Garden works at Great Western Malting’s Vancouver, WA, location, which is also home to its Malt Innovation Center (MIC). The facility gives the company the ability to test and develop new products more efficiently in smaller batch sizes. The hope is to find new ideas that may work for brewers, distillers, or in food (think malted milk balls).

“Our innovation is designed to help our customers’ innovation and improve their processes,” says Garden. “We are always looking for ideas.”

For brewing and distilling, the company offers a range of products, from versatile crystal malts to organic malts. There are even “Identity Preserved” malts made with grain sourced from a particular state.

With the growth of the whiskey market—particularly the rise of single malt whiskeys—innovation is especially important for distillers who are looking for a unique flavor profile that also performs well during fermentation. The MIC can work directly with the brewer or distiller to find or develop a malt that serves their needs.

“We’re always looking to ensure that we have varieties that are desirable for everyone, including us, our customers and our growers,” says Garden. “The barley variety has to contribute to the customer’s needs, which are flavor and performance related.
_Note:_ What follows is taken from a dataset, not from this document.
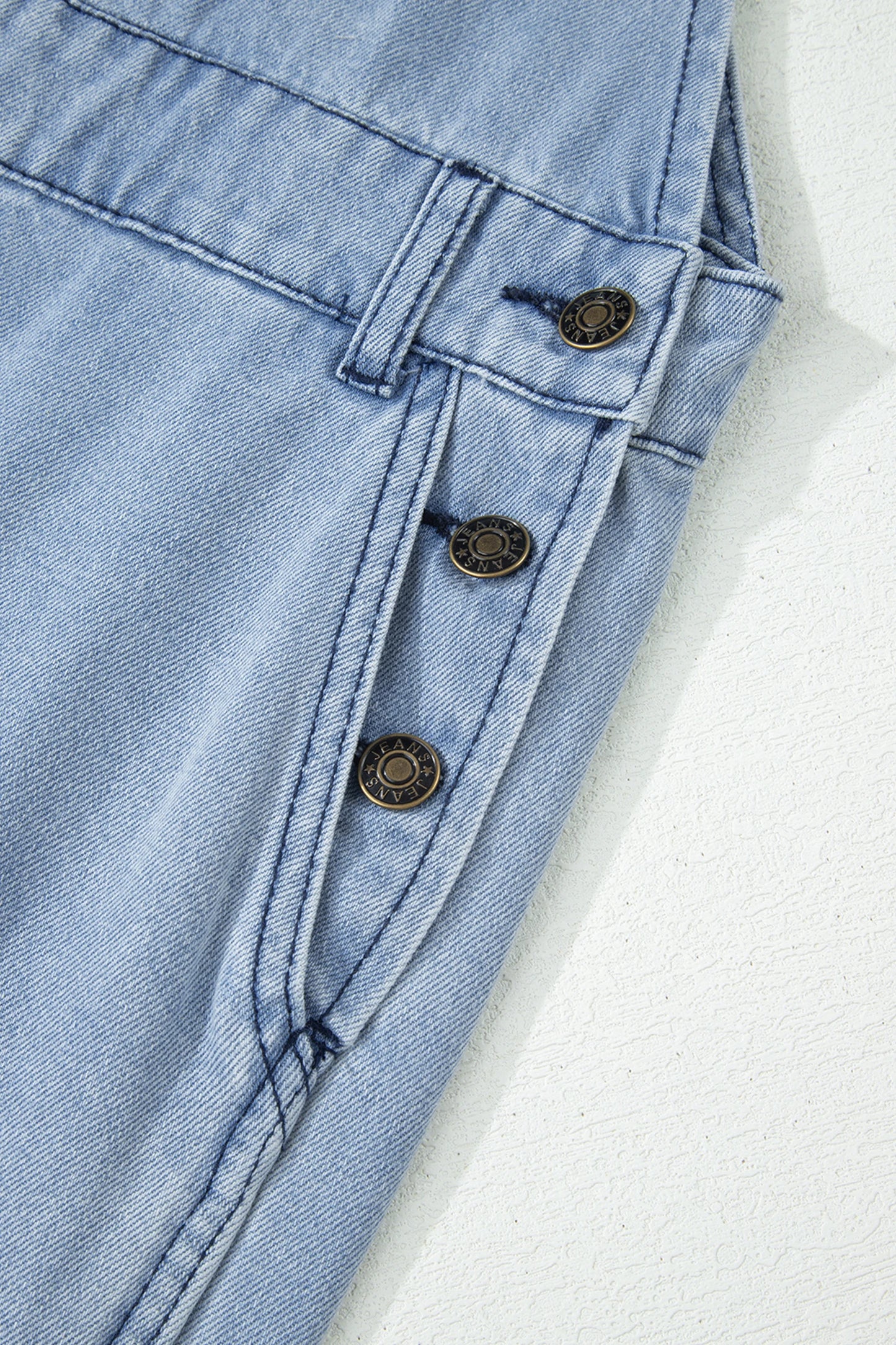 Mist Blue Retro Distressed Button Adjustable Straps Denim Overall Jumpsu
They need to generate a certain amount of alcohol at the end of the day as well as a certain flavor profile.”

The Future of Malted Grain

Garden adds that Great Western Malt is also working with a researcher at Oregon State University to develop new winter varieties of barley. It’s also worth noting that in other parts of the United States there’s work being done to develop strains of barley that are more heat tolerant and drought resistant, including Texas A&M’s work with Blacklands Malt. These are qualities that will not only prove useful to distillers in warmer climates, but also may be a boon in regards to climate change.

“We feel that there’s a lot of benefits to being able to have an assortment of spring and winter varieties [of barley] available for our customers,” says Garden. “We do invest a lot in ensuring the sustainability of our business. It’s important to us to be on top of our game and stay engaged and involved to ensure that we are developing … varieties that seem to provide a benefit to all.”

In the end, the kind of innovation that Great Western Malting and other maltsters around the world are spearheading will only benefit what we find on liquor store shelves.

“As the craft beer revolution did, I think that the whiskey industry is evolving and producing many more interesting things for people to try,” says Garden.